What you should do → Please give the lines below again exactly as they stand, from the one that contains "Load image into" up to and including the one that contains "Randonnée Villages Berbères", leaving all pictures out.

Material shown →
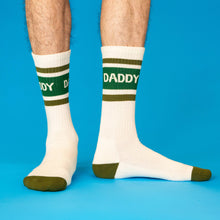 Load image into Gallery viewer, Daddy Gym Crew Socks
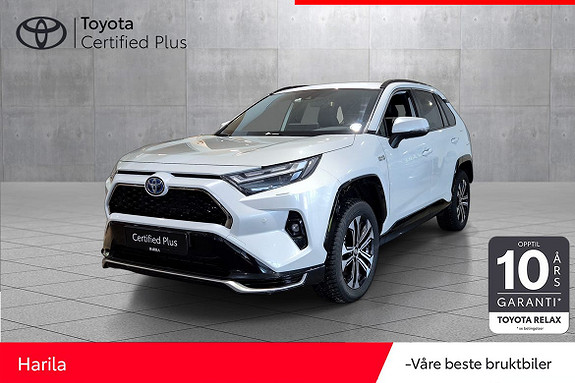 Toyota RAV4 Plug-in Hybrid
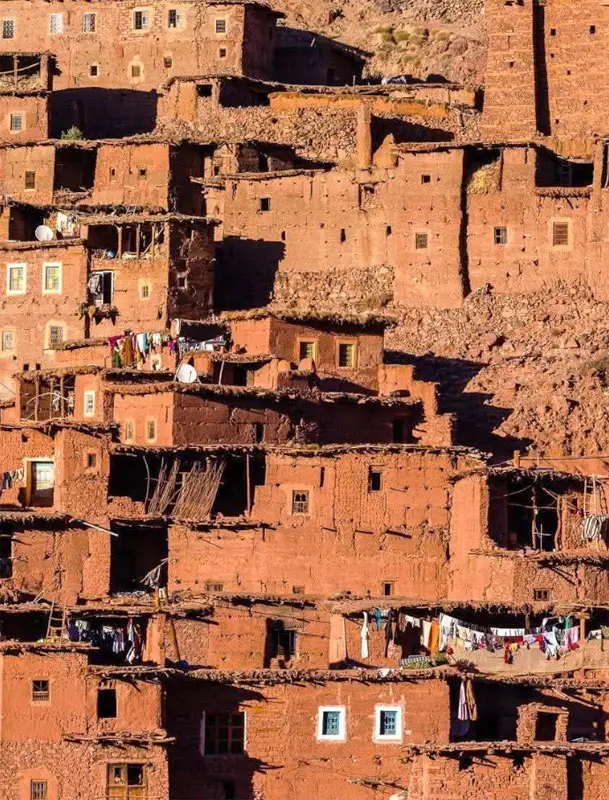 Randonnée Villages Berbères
...
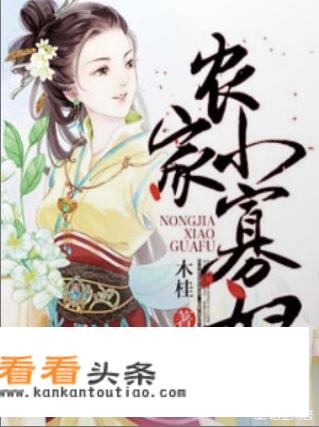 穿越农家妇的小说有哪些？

Task solution →
 Load image into Gallery viewer, Daddy Gym Crew Socks
 Toyota RAV4 Plug-in Hybrid
 Randonnée Villages Berbères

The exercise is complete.